Giving your car photography a sense of speed doesn’t have to be difficult or dangerous. In this easy-to-follow car photography tutorial we show you how to use a ‘bolt-on’ technique get dramatic photos with blurred backgrounds.
Creating a sense of action in your car photography doesn’t always mean driving vehicles at speed. With a little ingenuity and some simple techniques you can create the illusion of speed with the car travelling at walking pace.
This technique, known as a ‘bolt-on’, involves attaching the camera to the car and then using a long shutter speed to blur the background so that it looks like the car is travelling at speed. But even shooting at low speeds a bolt-on takes preparation and planning and a few pieces of kit.
The first task is to find a safe location to take your shots. You’ll need a location where there aren’t any other vehicles, such as a dead-end road.
You’ll also need a smooth surface, as any bumps will cause the camera to move, creating the wrong sort of blur. Some objects fairly close to the car will create the right sort of blur and give a sense of speed.
Once you’ve found a location you need to attach the camera to the car. Professional car photographers often use Manfrotto suction cups, along with clamps, to attach a tripod to the car.
This arrangement is cumbersome, so the safest way to do this for the first time is to use a dedicated mount such as the Delkin Fat Gecko. This will mount the camera around 30cm from the car, so you’ll need to use a wide-angle lens to include as much of the car as possible.
How to add dramatic background blur to your car photography
01 Find a location
To shoot a moving car you need a safe location where there won’t be any other traffic, a smooth surface for the car to run on, and some objects close to the car to give a real impression of speed when you blur them. We’ve got permission to shoot in this car park at a quiet time.
02 Exposure and composition
You’ll need to use a shutter speed of between one and three seconds to get plenty of blur, so before attaching it to the car, hold the camera roughly in position and check the exposure. If it’s too bright you will need to attach an ND filter to the lens to reduce the exposure.
03 Attach the camera
The camera needs to be firmly attached to the car. Using a sucker mount such as the Delkin Fat Gecko means that you can do this and keep your Nikon safe without marking the car’s paintwork. Once the camera is attached, always double-check that it’s totally secure.
04 Attach a remote trigger
As you’re going to fire the camera from a distance you’ll need a remote trigger. You can get different sorts of remote triggers, and a radio one such as the Hähnel Combi TF is ideal as it will fire the camera from any position, unlike some infrared remotes.
05 Take your shots
Once you are happy with the set-up, get the driver to move the car slowly and smoothly while you fire the camera.
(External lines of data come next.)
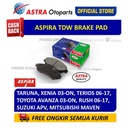 Brake Pad Aspira TDW untuk Mobil: XENIA/AVANZA 03-ON,TERIOS/RUSH 06-17
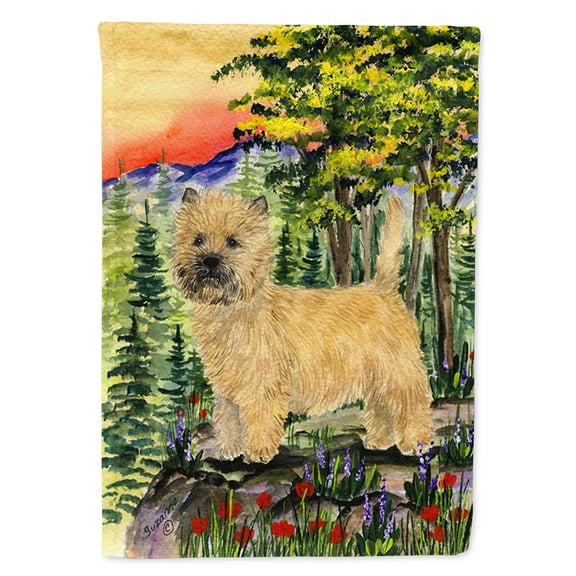 Cairn Terrier Flag Canvas House Size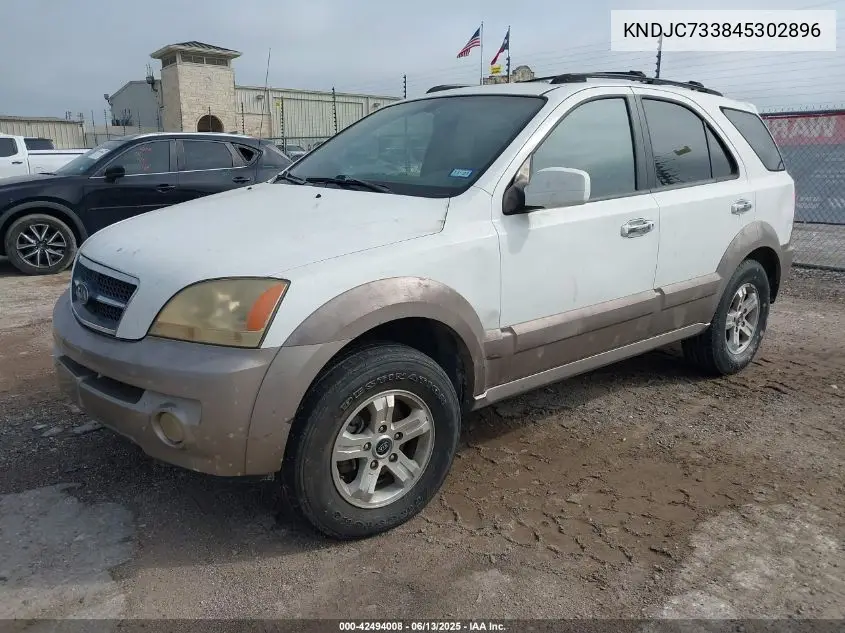 2004 Kia Sorento Ex/Lx VIN: KNDJC733845302896 Lot: 42494008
Although you can trigger the camera from a distance, try to stay close to the car to keep a watch on the camera and mount for any movement or loss of suction.
06 Even more motion
Once you’ve got some straight shots, try different effects. You could set the camera at an angle in order to get a more dynamic composition. Also, if you have space around the car you can shoot when the car is turning to give a curved shape to the blurred background.
For any car shoot, the vehicle needs to be clean for the best results. Always take a basic cleaning kit of a microfibre cloth and some water.